I do enough grinding while I’m sleeping …… thanks though Fraz.
But I promise to do a really really good job! I’ll even grind your teeth down to nothing for you!
Tempting as it sounds Fraz, I might need them to eat my Gummy Bears (pardon the pun).
I think you meant wine gums.
I think that poor Chris is shaking in his boots over that wicked and yet most excellently creative idea Fraz 🙂
I wish he’d stop shaking and just pay me to clean his teeth! Maybe I could get him to pay me NOT to clean his teeth.
every good business started somewhere. It’s all about presentation.
Maybe I should work on my presentation, then.
He shouldn’t worry because they may not let him work on my teeth, but there is a big business in pedicures!! W.C.C.
That sounds gross!!
I use one of those to trim my two dogs toenails. Or I should say I try to use one. One of the dogs just sits there and lets me do it with no trouble. The other dog reacts the way I probably would if I saw Fraz coming with that in hand!
Whaddaya mean, I don’t scare anyone away! Although I haven’t had a lot of customers.
I wonder if strapping them in the grinders chair would help? But in a friendly way of course 🙂
Yeah, that should work! You always have good ideas, Andro!
You are a great teacher Fraz 🙂
No one’s ever told me that before!
Fraz, wait until he is asleep. Don’t give up
Okay, I will! Thanks, Doctor!
I can have a filling without any anaesthetic but professional dental cleaning makes me scream. bloody sensitive teeth – I’m asking for gas next time.
Maybe I should try that. If I gassed my patients first, it’d probably be easier to clean their teeth and they wouldn’t scream so much.
My dentift ufed the fame grinder to clean my teef yefterday. Fome teef came out, but at leaft they’re clean. Fo the grinder doef work, Fraf 🙂
That’s good to hear, Marieke! Maybe you could do a commercial for me!
Keep asking around – someone will say yes eventually! Maybe. 🙂
I hope so! I’m running out of people to ask.
Auch!!! I don’t want to be grind by you either Fraz!!!
Oh, come on! You don’t even have teeth!
But I can still imagine the pain >.<
My grinding is guaranteed pain free! I don’t feel any pain at all when I’m grinding your teeth.
Maybe if Fraz would have offered laughing gas first, he would have had a better chance.
Happy Australia Day!
Yeah, I think laughing gas might be a good way to convince people to let me clean their teeth.
Thanks!

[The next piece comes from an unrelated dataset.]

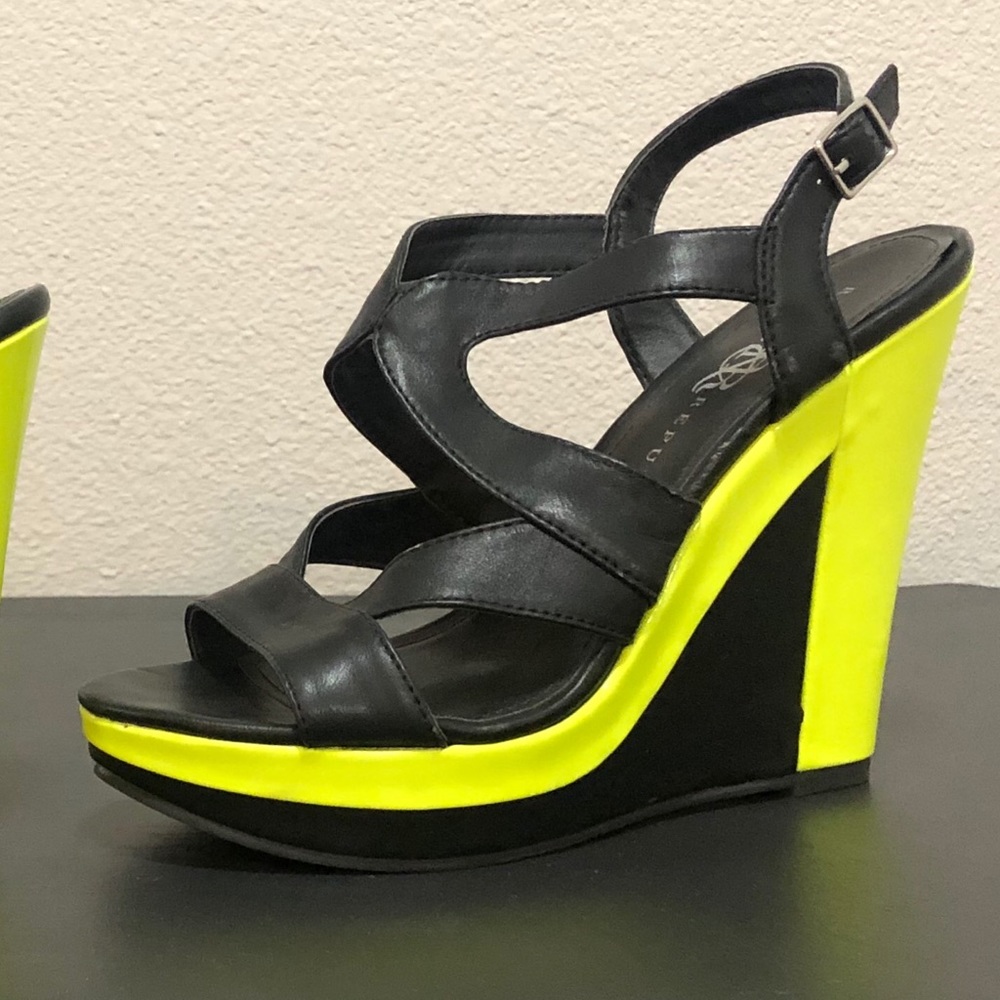 Rock and Republic wedges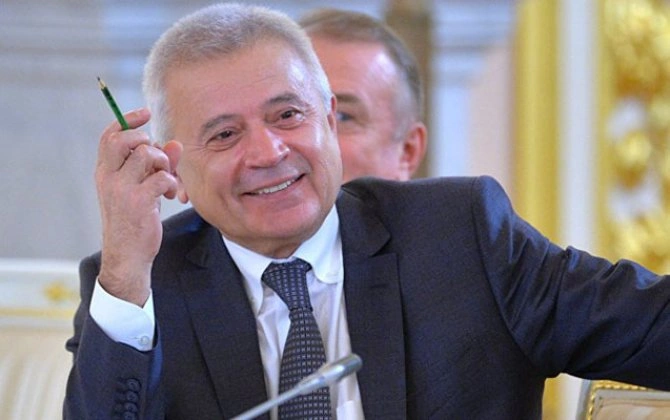 Ötən il rusiyalı milyarderlərin sərvəti artıb - İlk onluqda Vahid Ələkbərov da var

We’re not really Australian, but we like to pretend that we are.
Canadians are very smart too, and pretending is okay, just as long as the kangaroo’s don’t catch you 🙁
We live in fear of Kangaroo retaliation!
Wonderful! Was just turned on to your blog by Scholar Mel, in his mention of his top 10 blogs for the year.
Had to subscribe. Just from the few I’ve perused so far you’ve hooked me.
Many thanks for sharing your art and wit!
Thanks, Miss R! I’m glad you like our little strip. I’ll have to send Mel a wine gum or two.
He really should have taken up the teeth cleaning. Real dentists can be pricey.
I know, that was my selling point, “Cheap & fast,” but Chris wasn’t very impressed.
Good idea. Have an electric car buffer? Be a massage therapist! Have an itch you can’t reach? Belt sander!
Wow, those are great ideas! I didn’t know power tools could be good for business!
I’m thinking that business isn’t exactly going to take off. 😉
What do people do on Australia Day? Is it like Canada Day-aka. Beer, BBQ, fireworks?
According to Wikipedia “Outdoor concerts, community barbecues, sports competitions, festivals and fireworks are some of the many events presented in communities across Australia.” on Australia Day.
We Wombies also eat chocolate and wine gums and honor the wombat. Somewhat like Wombat Day.
Yes Binky and what a nice way to celebrate Wombat Day, lots of chocolate, wine gums, spam and delicious pancakes… But don’t forget the party hats 🙂
Of course not! It wouldn’t be a party without party hats!
Ha,ha,ha! Funny stuff!
🙂
YIKES!! What kind of teeth does he plan on cleaning?!
Any teeth I can reach! Smile, Jenn!
What a genius. I’m always impressed by you guys. You seem so confiDENT!
I want to see the results of your first dental procedure.
Good luck!
As soon as I get a victim–I mean customer–to practice on, I’ll let you know!
Hey, you can’t beat a deal like that, especially in the comfort of your own home. 😀
That’s what I thought! But Chris didn’t think so.